Penjaga Telur di Pantai Sukamade
Ada banyak hal yang dilakukan Pak Jun untuk melestarikan penyu di Taman Nasional Meru Betiri. Seperti, jagawana tidak pernah lupa mengingatkan pengunjung yang datang untuk tidak menggunakan cahaya sedikit pun saat melakukan pengamatan penyu bertelur di malam hari. Hanya diperbolehkan ada satu sumber cahaya yang dipegang oleh jagawana. Hal ini disebabkan sifat dasar penyu sangat sensitif dengan cahaya. Jika terkena cahaya langsung penyu bisa gagal bertelur dan meninggalkan pantai. Bahkan jika penyu stres mereka bisa bertelur di dalam air yang mengakibatkan semua telur mati. Selain itu, pengunjung juga hanya diperbolehkan mengamati satu penyu pada satu malam dan tidak boleh lebih dari 4 jam. Berkat penjagaan ketat dari para jagawana, sekarang sudah tidak ada perburuan liar terhadap penyu atau telur penyu di Pantai Sukamade. Ancaman bisa datang dari satwa predator, seperti elang laut, babi hutan atau biawak, atau dari manusia yang menjual bebas telur penyu.

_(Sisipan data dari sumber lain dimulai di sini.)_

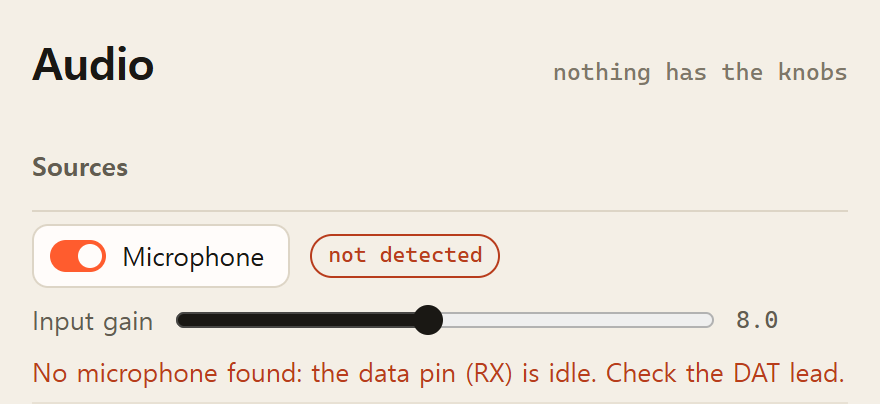 The console's Audio page: the Microphone switch is on, the chip beside it reads not detected, and the line under the Input gain slider reads No microphone found: the data pin (RX) is idle. Check the DAT lead.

Berdasar dari keterangan Ibu Dwi Suprapti, Marine Species Coordinator WWF-Indonesia, untuk menekan tingkat perburuan penyu merupakan hal yang sangat sulit. Misalnya saja cerita di Papua yang mengharuskan para penyelamat penyu melakukan kampanye dengan pendekatan tertutup ke masyarakat. Karena jika dilakukan sosialisasi secara terang-terangan akan berdampak penolakan keras dari masyarakat.
Penyu sebagai hewan purba yang masih hidup hingga saat ini memiliki peran penting bagi keberlangsungan kehidupan laut. Tekanan tinggi dari aktivitas manusia, menurunkan banyak populasi penyu ke tingkat yang sangat mengkhawatirkan. Selain itu, daur hidupnya yang membutuhkan waktu lama menjadikan tindakan konservasi penyu sangat diperlukan.
Sekali lagi diri ini berkata jangan sia-siakan perjuangan mereka yang telah mengabdikan dirinya untuk menjaga kelestarian alam. Aku, kamu, kita semua bertanggung jawab untuk kelestarian lingkungan dan masa depan alam ini. Uang bukan segalanya tanpa alam. Mulailah dari sendiri menjaga alam ini lalu sebarkan kebaikan kepada orang sekitar kita.